The U.S. Supreme Court made history with its decision to legalize same-sex marriage in every state. However, this landmark decision was far from unanimous, with opposition coming in a variety of forms and ideologies.
Some resistance to this display of unilateral equality stems from a fixation on the antiquated parameters of the marriage institution. However, Justice Clarence Thomas made an interesting, albeit easily misconstrued, case against his fellow Supreme Court justices’ decision in his dissent.
Thomas grappled with the lofty notions of liberty, dignity, and the responsibility of the Supreme Court as an interpreter of the Constitution. His arguments can be hard to follow at times and isolating individual statements such as “Human dignity cannot be taken away by the government,” “Slaves did not lose their dignity,” and “those held in internment camps did not lose their dignity” would lead to a biased view of his dissent as a whole.
The most important idea that can be taken away from Thomas’ musings is the notion of an intangible line separating the intrinsic notions of self-worth and identity from the framework of legislation those concepts are confined to in order to fit the social contract.
In an ideal democracy, the government would serve merely as an executor of a social contract crafted to fit the needs and necessary sacrifices mandated by the will of the population. In today’s society, we see our direct involvement in the legislative process as limited to voting and donating funds. The government has become an entity altogether separate from the constituents it was created to serve.

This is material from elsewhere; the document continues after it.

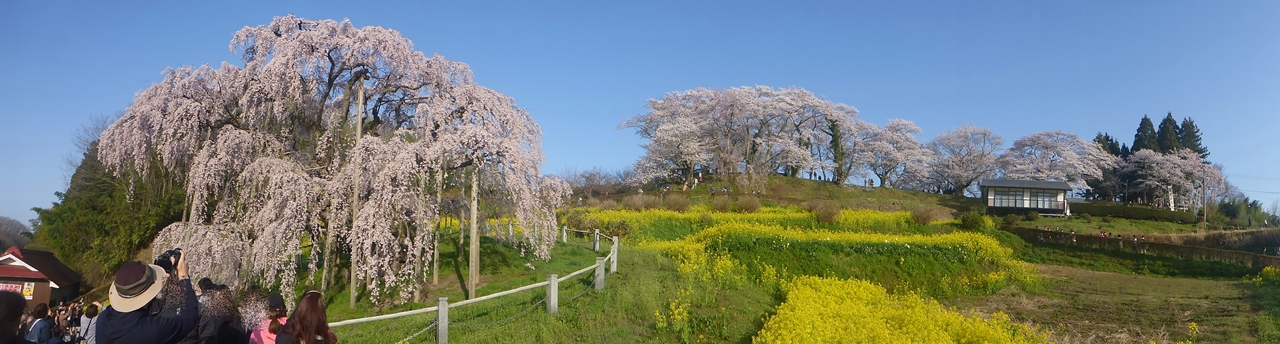 三春滝桜と背後の桜のパノラマ写真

We now have a beastly bureaucracy that should, in theory, be an extension of the population’s wishes, wielding the power to arbitrarily strip and bestow basic human rights as it sees fit. Thomas speaks of an inalienable and intrinsic notion of liberty and dignity that should exist outside of what is written by humans on pieces of paper, but if this were the case, then how is it that institutions exist that have the ability to imprison and persecute us?Â
Thomas stated that our government lacks the ability to take away dignity, and in a sense, he is correct. A democratic republic that is defined as a separate entity from the population it represents does not have the power to take away or bestow dignity, liberty, or any other inalienable right. It is made up of people. When we are imprisoned, persecuted, and denied basic freedoms, it is at the hands of our fellow man in the form of a conglomerate institution.
This country is not ruled by a faceless monolith. It is ruled by human beings.
The Supreme Court’s decision to legalize same-sex marriage can certainly be considered a victory, but the question is: a victory over whom? If we as human beings have rights that cannot be taken away and live in countries ruled by other human beings who have rights that cannot be taken away, how is it that persecution and inequality can become systemic?
This Supreme Court decision has pointed out that we as a human collective have the power to overturn restrictions and limitations placed on ourselves and other members of our society. This ruling should not be viewed as a victory over a restrictive institution but rather a victory over the preconceived notion that our will and desires exist separately from the institution put in place.
The government only wields the amount of power we as the constituency allocate it, because at the most basic level, we are the government. The responsibility of ensuring equality for every man and woman should not be left to the government because it is not responsible for inequality.